Give back the data below exactly as it was given.
***** Available data *****
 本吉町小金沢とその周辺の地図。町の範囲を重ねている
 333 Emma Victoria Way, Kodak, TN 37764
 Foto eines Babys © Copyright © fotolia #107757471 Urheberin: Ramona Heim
*****
* [Task solution]
 本吉町小金沢とその周辺の地図。町の範囲を重ねている
 333 Emma Victoria Way, Kodak, TN 37764
 Foto eines Babys © Copyright © fotolia #107757471 Urheberin: Ramona Heim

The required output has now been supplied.